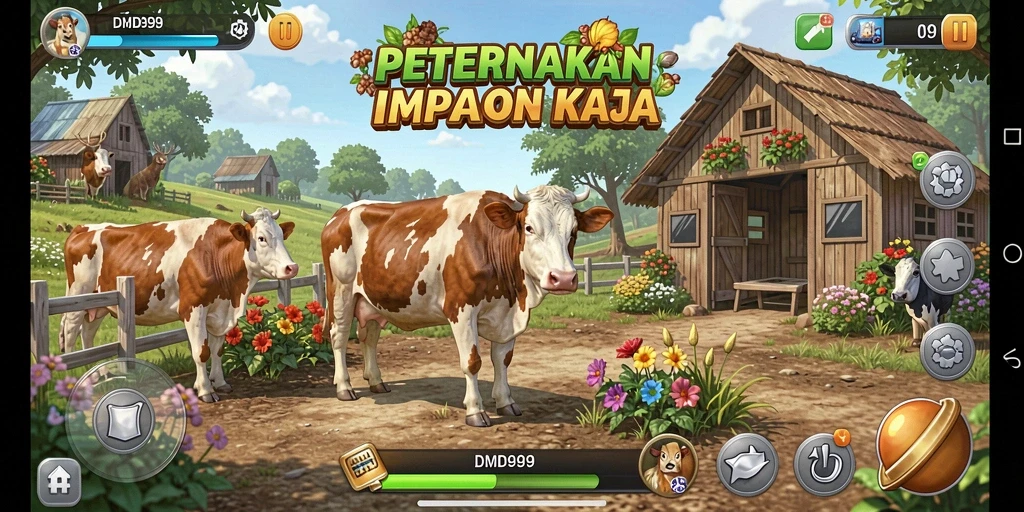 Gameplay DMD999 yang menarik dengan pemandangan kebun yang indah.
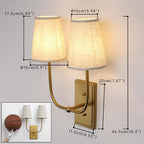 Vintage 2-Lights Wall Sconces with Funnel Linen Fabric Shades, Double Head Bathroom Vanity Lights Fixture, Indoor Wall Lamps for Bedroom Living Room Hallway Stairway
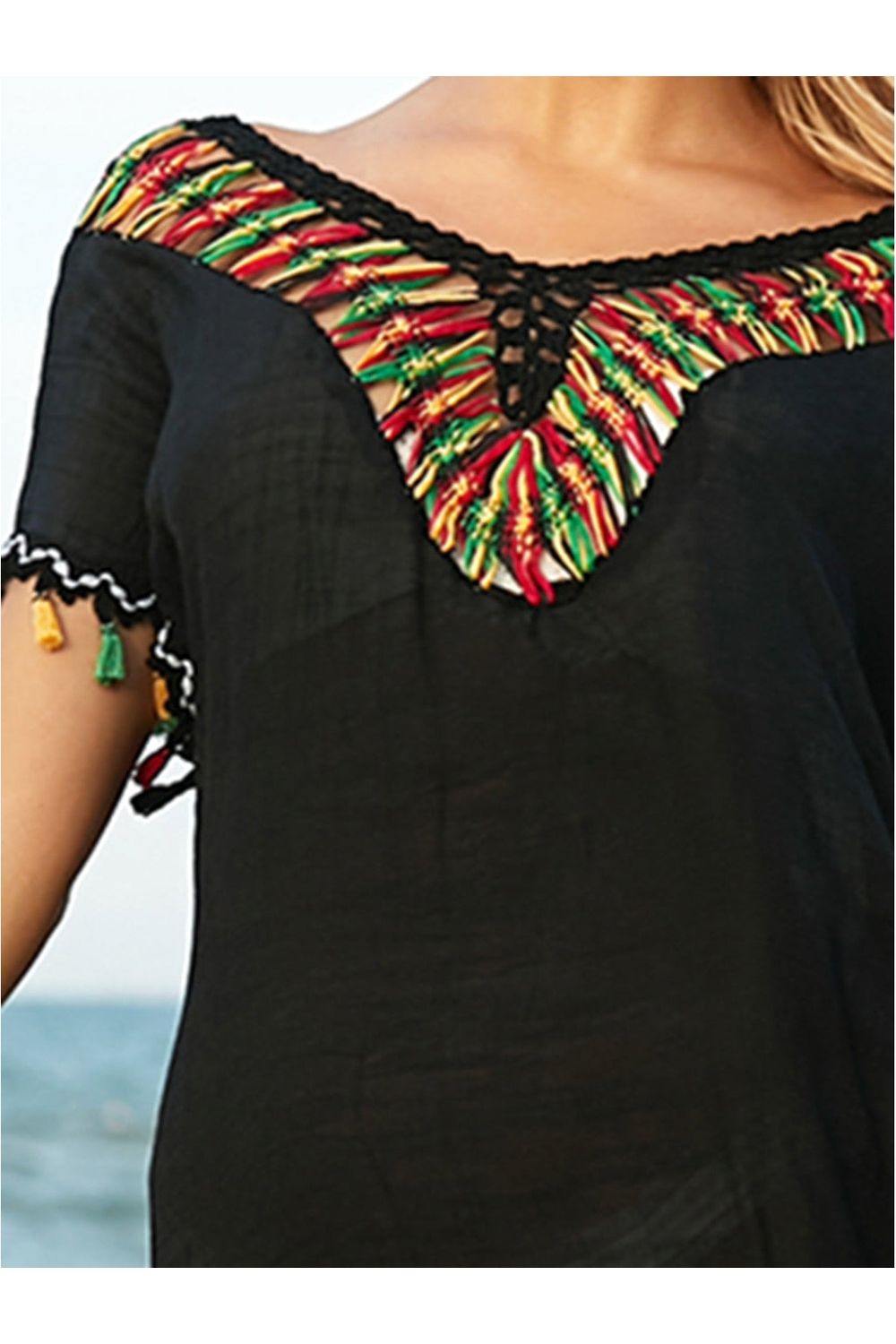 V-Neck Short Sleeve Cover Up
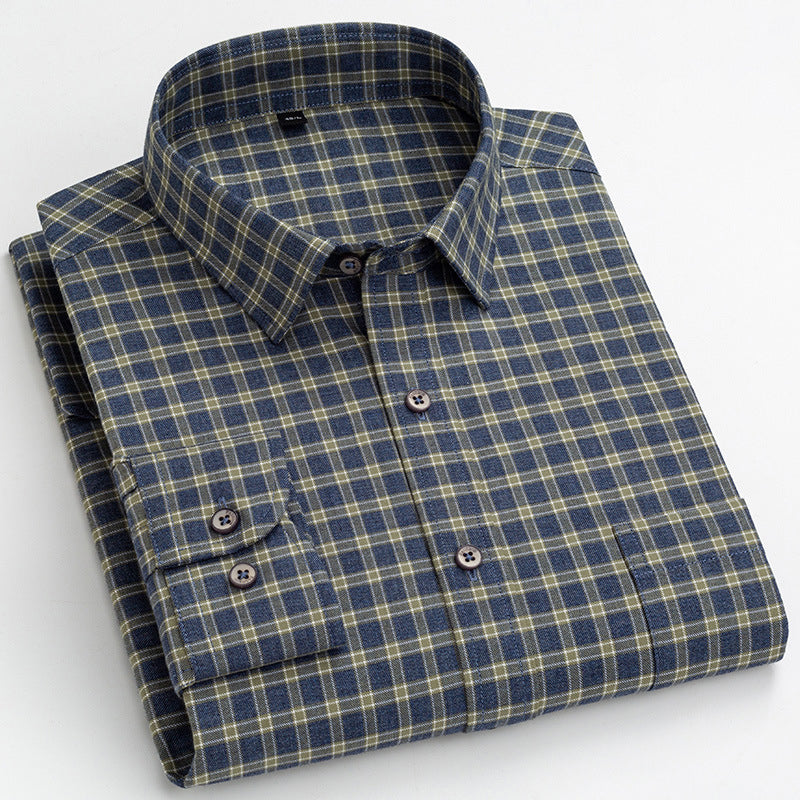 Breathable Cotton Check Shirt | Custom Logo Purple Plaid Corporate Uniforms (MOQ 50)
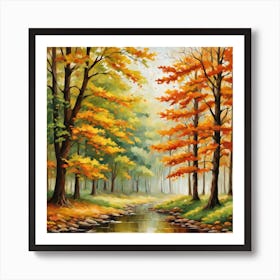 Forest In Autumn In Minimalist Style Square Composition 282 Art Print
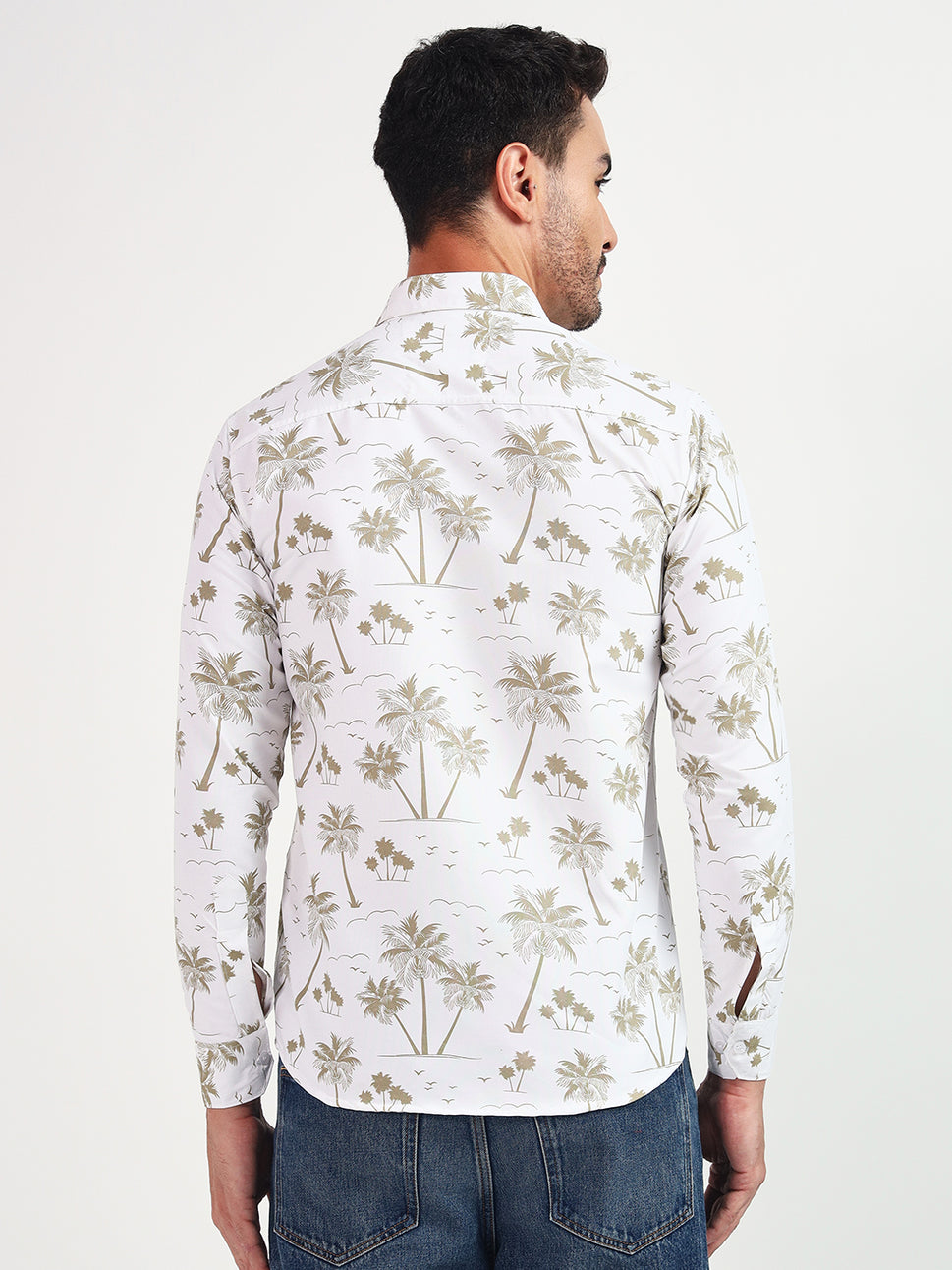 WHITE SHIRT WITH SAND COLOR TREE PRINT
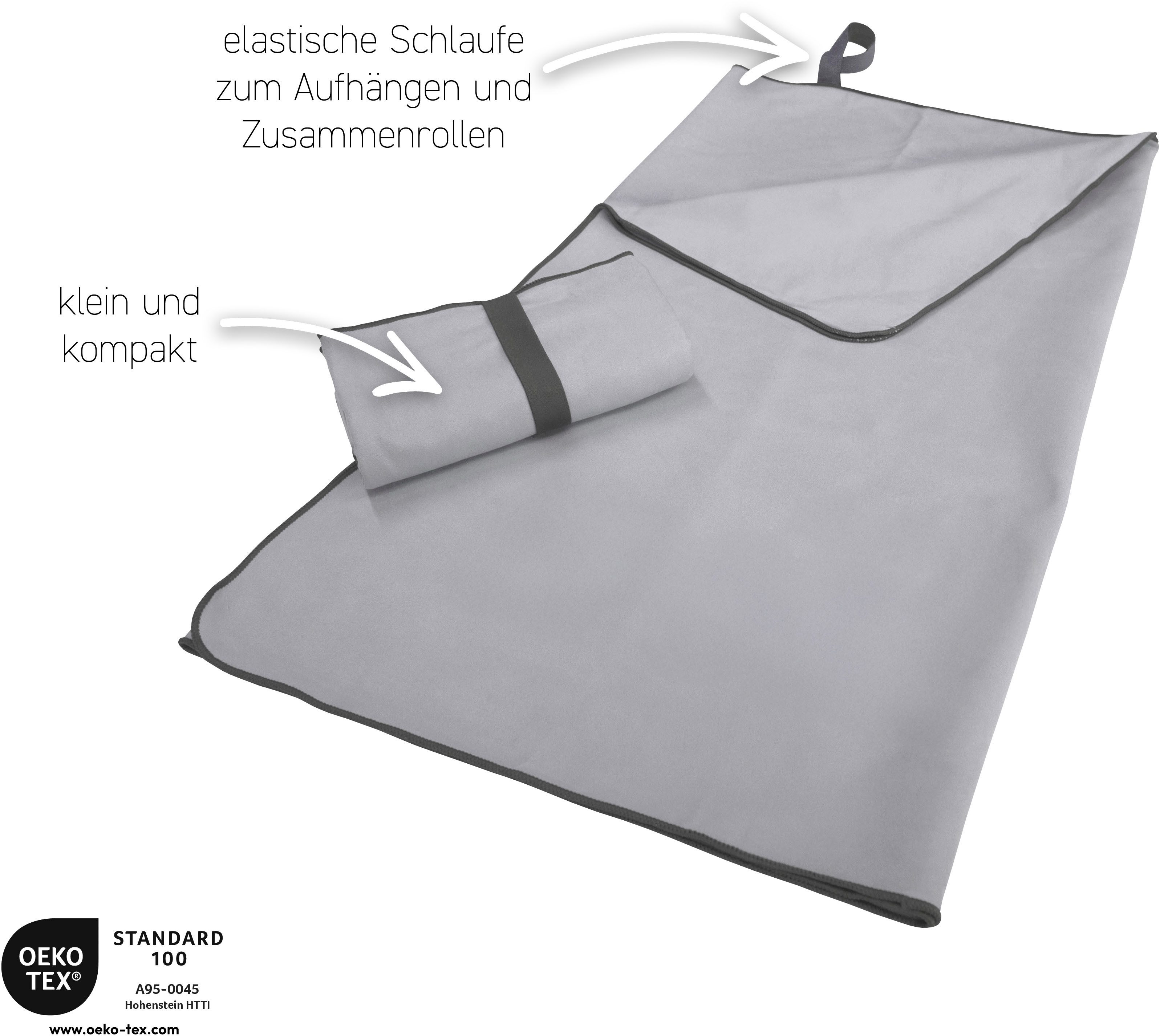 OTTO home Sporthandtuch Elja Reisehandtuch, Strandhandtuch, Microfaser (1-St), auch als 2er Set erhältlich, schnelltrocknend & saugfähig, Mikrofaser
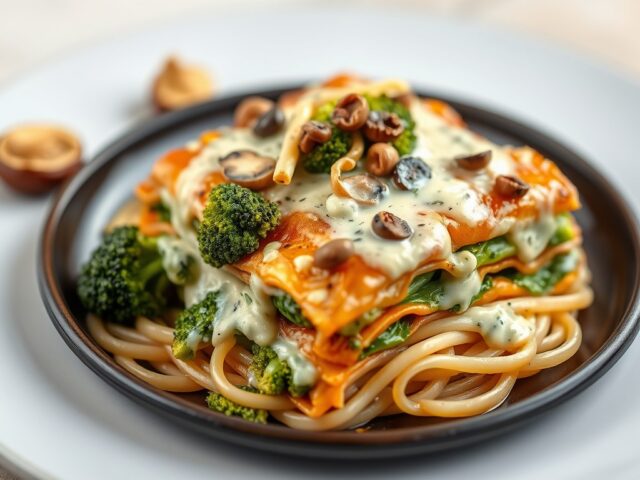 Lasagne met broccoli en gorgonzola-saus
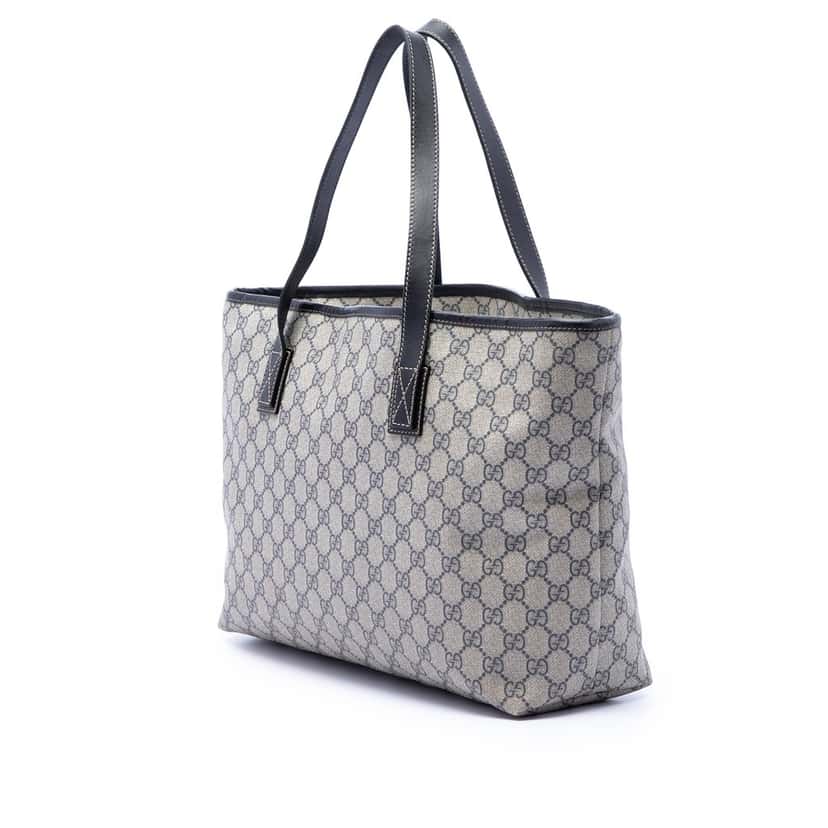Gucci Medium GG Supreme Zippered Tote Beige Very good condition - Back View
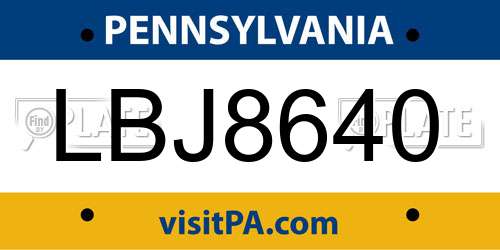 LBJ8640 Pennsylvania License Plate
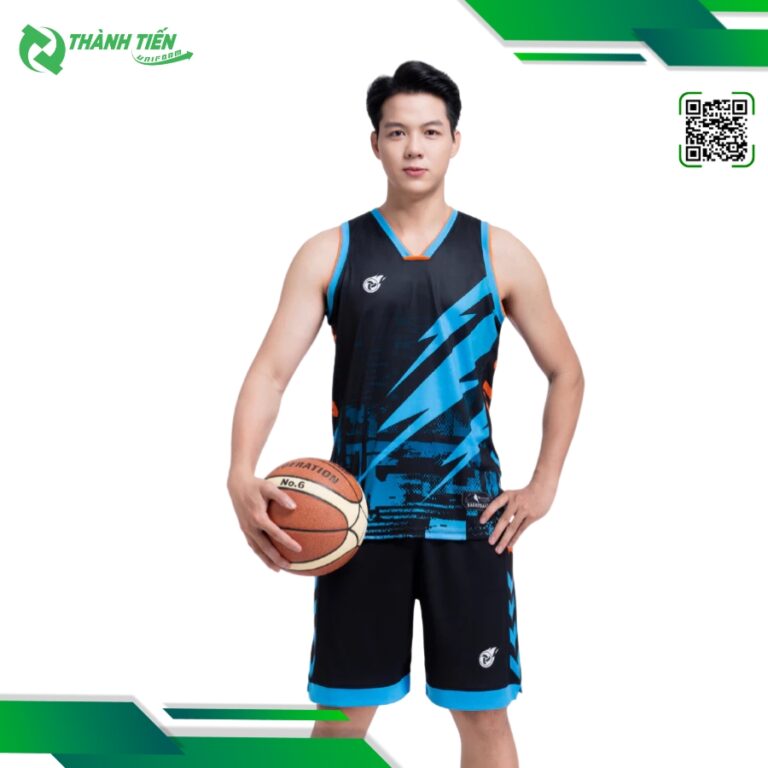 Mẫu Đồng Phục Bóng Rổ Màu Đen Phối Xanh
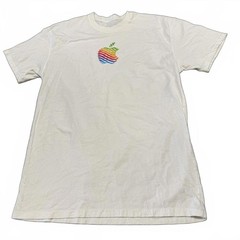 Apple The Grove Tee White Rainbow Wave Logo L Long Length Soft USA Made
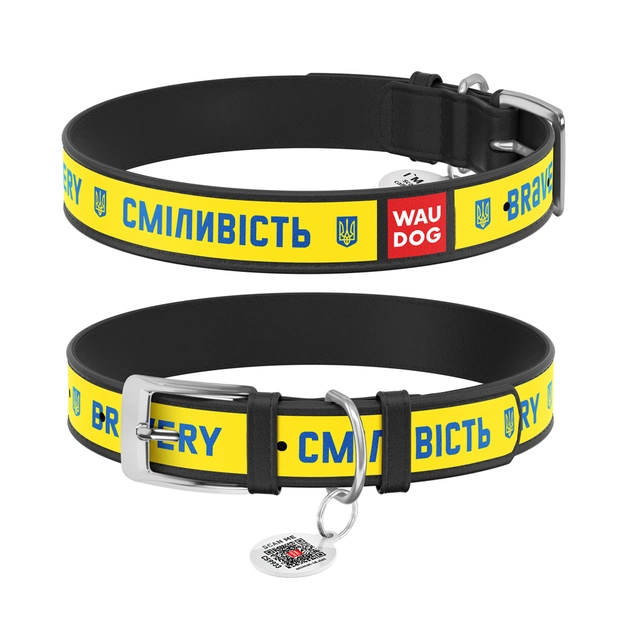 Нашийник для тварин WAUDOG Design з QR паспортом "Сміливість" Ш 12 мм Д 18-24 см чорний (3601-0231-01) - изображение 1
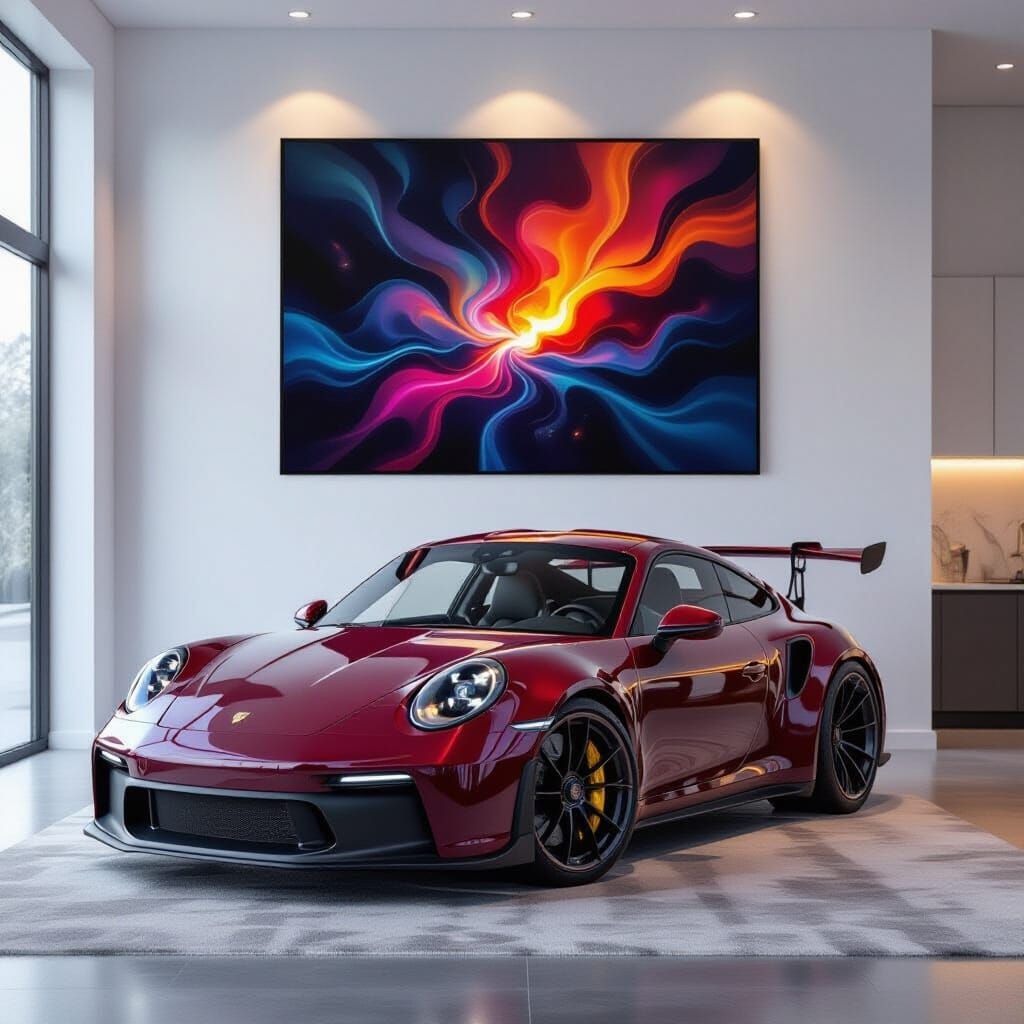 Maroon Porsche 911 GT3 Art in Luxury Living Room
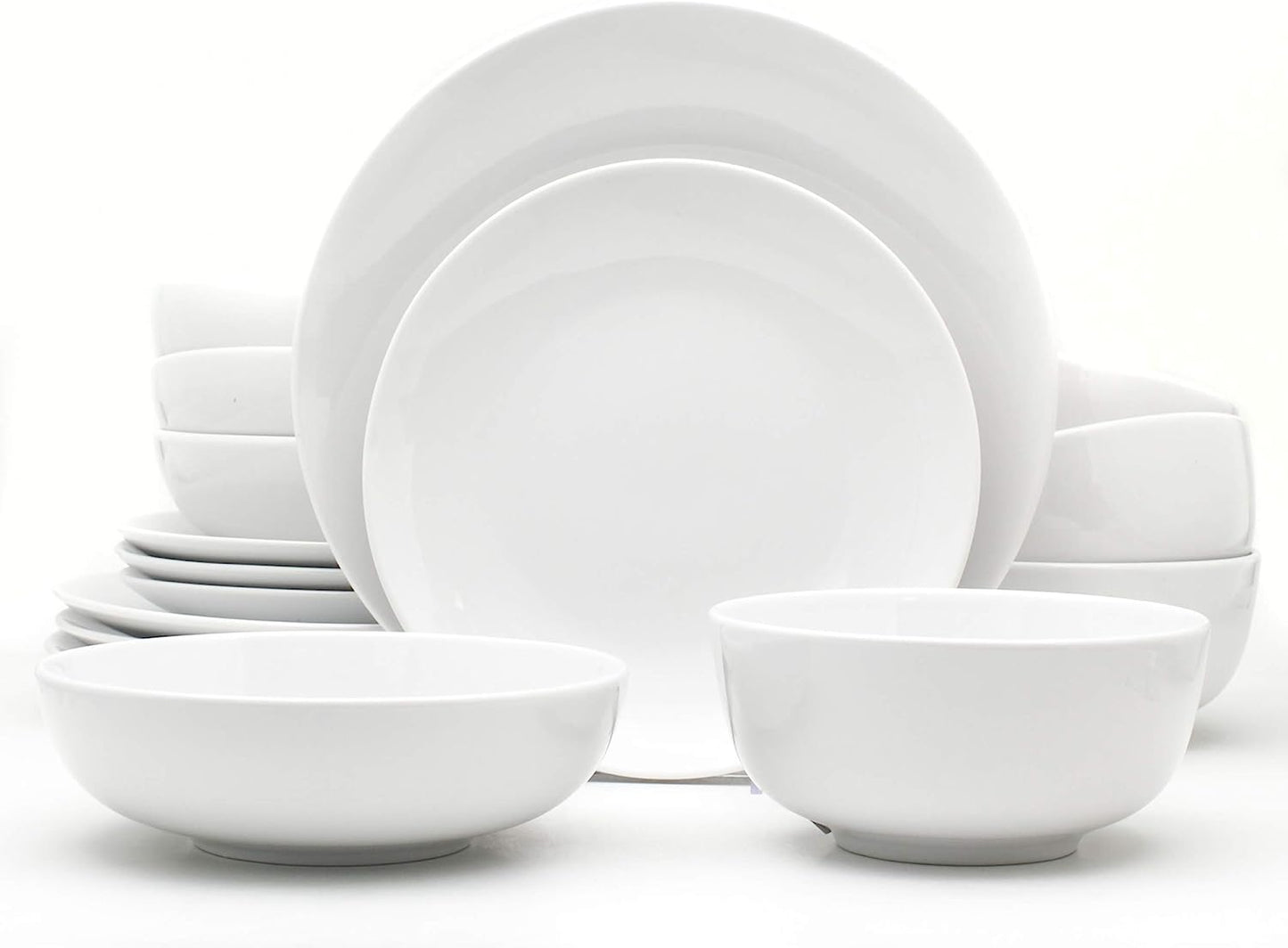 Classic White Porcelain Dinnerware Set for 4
▬▬▬
**BRIEF:**
Give back the data exactly. Pictures stay out.

**SOLUTION FOR THIS PROBLEM:**
 Gameplay DMD999 yang menarik dengan pemandangan kebun yang indah.
 Vintage 2-Lights Wall Sconces with Funnel Linen Fabric Shades, Double Head Bathroom Vanity Lights Fixture, Indoor Wall Lamps for Bedroom Living Room Hallway Stairway
 V-Neck Short Sleeve Cover Up
 Breathable Cotton Check Shirt | Custom Logo Purple Plaid Corporate Uniforms (MOQ 50)
 Forest In Autumn In Minimalist Style Square Composition 282 Art Print
 WHITE SHIRT WITH SAND COLOR TREE PRINT
 OTTO home Sporthandtuch Elja Reisehandtuch, Strandhandtuch, Microfaser (1-St), auch als 2er Set erhältlich, schnelltrocknend & saugfähig, Mikrofaser
 Lasagne met broccoli en gorgonzola-saus
Gucci Medium GG Supreme Zippered Tote Beige Very good condition - Back View
 LBJ8640 Pennsylvania License Plate
 Mẫu Đồng Phục Bóng Rổ Màu Đen Phối Xanh
 Apple The Grove Tee White Rainbow Wave Logo L Long Length Soft USA Made
 Нашийник для тварин WAUDOG Design з QR паспортом "Сміливість" Ш 12 мм Д 18-24 см чорний (3601-0231-01) - изображение 1
 Maroon Porsche 911 GT3 Art in Luxury Living Room
 Classic White Porcelain Dinnerware Set for 4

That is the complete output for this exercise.